2. Clarity of purpose and realistic goals
It’s critical for your people to understand the purpose of your strategic initiative and have clear goals that are aspirational, yet realistic, notes Ned Frey, owner of Foursight Seminars Inc. He talks about it in terms of “purpose, focus and passion.” Clarity of purpose fuels the focus and passion required to achieve a sustainable, successful effort.
3. Sense of urgency
“Without a sense of urgency, it’s too easy to put off until tomorrow what should be acted upon today,” says Allen Hauge, president of Hauge Farms, Inc. Harvard Business School professor emeritus John Kotter describes it as “a gut level determination to act today.” It doesn’t mean lighting a fire under someone by manipulating urgency through false crisis, instead, it’s about lighting the fire within and inspiring a sustainable will to change.
4. Strategies that underscore your values and play to your organizational strengths
Strategy isn’t just about what anyone would do; it’s about understanding what YOU would do, based on your priorities and values. In the book Built to Last, Jim Collins and Jerry Porras talk about the importance of balancing the unchanging core (values and company purpose), while stimulating progress (change and innovation). Steve Brody, a former senior executive with Coca-Cola, adds, “And be sure to play to your organizational strengths. Not doing so is the equivalent of what Tom Rath describes as, ‘taking the path of most resistance.’ ”
5. Understanding your culture
Working with your culture, rather than fighting it, can go a long way toward aligning and moving your organization forward. Whenever possible, swim with the current, not against it. If you try to force change, your plan is destined to be among the strategic initiatives that fail.
Leaders can’t force change, but they can guide it. That means leading from the front, or as Jim Kouzes and Barry Posner would say, “modeling the way.” If employees sense that the leadership’s commitment is tepid, then that’s what leaders can expect in return. Conversely, savvy leadership from the c-suite will inspire others in your organization to lead as well. Without them, your plan is going nowhere.
7. Unwavering discipline
Commitment to achieving strategic goals is still not enough—you also need execution. Successful execution means having the discipline necessary to achieve your goals and make sustainable behavioral change. In individual terms, for example, someone might be committed to losing 10 pounds, yet lack the discipline to do what’s necessary to achieve that goal and maintain the new weight. It’s no different in organizations.

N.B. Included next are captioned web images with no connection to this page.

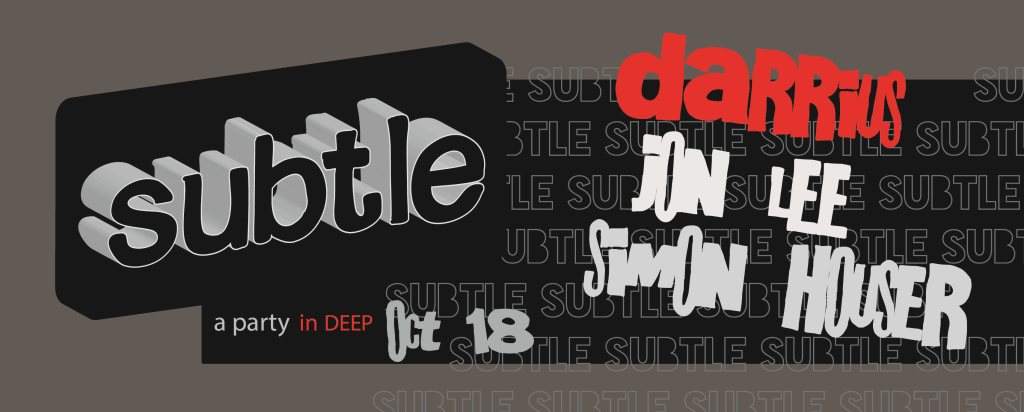 Subtle ...a Party in Deep with Jon Lee, Simon Houser & Darrius - Página trasera
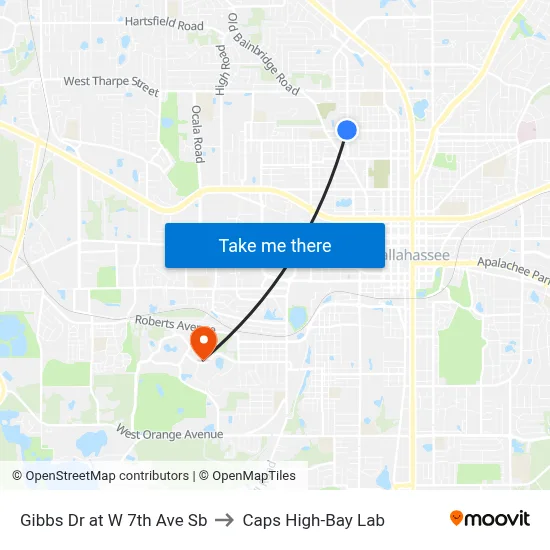 Gibbs Dr at W 7th Ave Sb to Caps High-Bay Lab map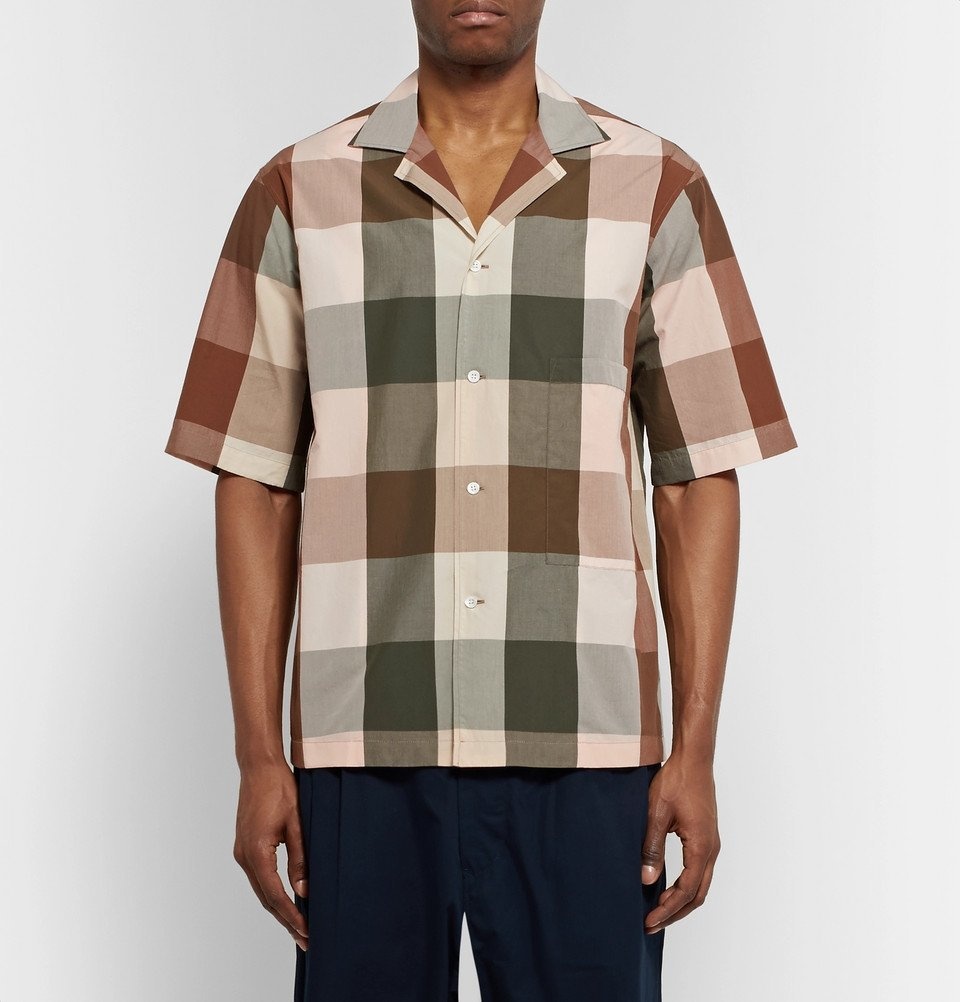 Studio Nicholson - Camp-Collar Checked Cotton Shirt - Men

It’s essential that your people embrace the strategic plan as their own plan. Failing that, you’re asking your employees to be more committed to your goals than their own—hardly very realistic. To accomplish this level of buy-in, it’s important to have transparency right from the start. To sustain the effort, employees should understand and be kept apprised of how their daily activities are helping achieve the desired outcomes.
9. Monitoring, measurement and feedback
“Even the best strategic plans require adjustments along the way,” says Linda Gabbard, president of Framework Initiatives Company, Inc. That means looking at both intended and unintended effects. Monitor your plan’s progress, measure outputs as well as outcomes, obtain feedback from all your stakeholders and stay nimble. Identifying and documenting key assumptions about the plan is essential. Periodically, challenge your assumptions. If the assumptions are no longer relevant, your plan won’t be either.
10. Anchoring the changes in company culture
Recognize small wins, reward your people and reinforce the positive results your strategic initiatives have produced. Doing so will go a long way to taking strategy and change from just what you do to being who you are.